The places Blay walks become characters in the book, some welcoming, delightful, like a charming, glamorous hostess, others occluded, harsh and reticent. He has his own way of cutting through pop culture myths, regretting the presence of brumbies in the high country, for example, because of the damage that they do, and also because the boom-and-bust cycles of the land leave them suffering in poor condition during hard years.
He writes of experiencing a glow, a luminescence, in certain places as he walks. It’s open to the reader to interpret this as being to do with power of the bush, or the mental and physiological effect of walking. For all its rhapsodies, the language is always easy to follow, and the book feels more like a long conversation on a veranda than a formal history.
One way of trying to understand something new is to think of an analogy from one’s own experience. As I read, I thought of medieval pilgrimages, and the recent revival of the old European pilgrimage routes as tourist attractions. Then with a shock I realised how recent is the road from Canterbury to Rome, say, in comparison with the thousands of years — perhaps tens of thousands — that the Bundian Way has been travelled.
Blay avoids attempting to explain or essentialise the complexity of the cultures of the people who used the Bundian Way. He anticipates that there are other books to be written by the owners of those stories, and quotes the widely known and respected elder, pastor Ossie Cruse. “What means most to us is the kinship. It’s what connects us Kooris. The Way’s a symbol. And for the whitefellas, we should do our best to get it recognised.”

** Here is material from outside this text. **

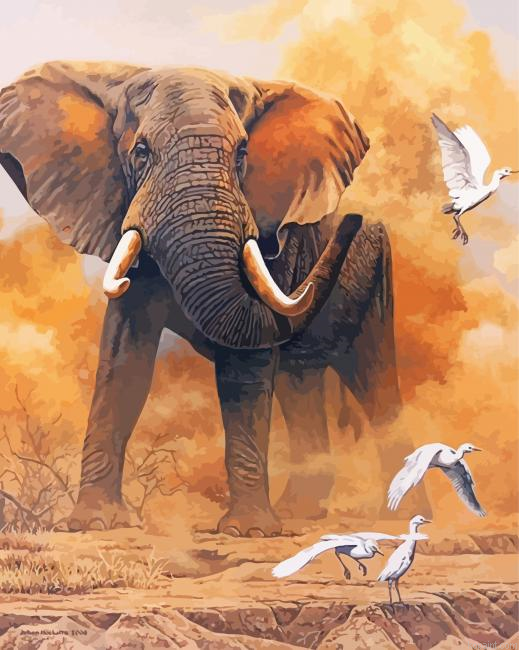 Elephant Dust Art Painting By Numberss.png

The idea that the recognition of Aboriginal culture is also important for non-Aboriginal people doesn’t get much of an airing in mainstream debate. Perhaps understanding more about the power and significance of the cultures that have continued in Australia for tens of thousands of years might not just be good for traditional owners, but bring benefits to the descendants of those tenacious, sometimes ruthless, settlers who took and held on to the land. We could go for a walk and think about it.
Ali Jane Smith is a poet and critic.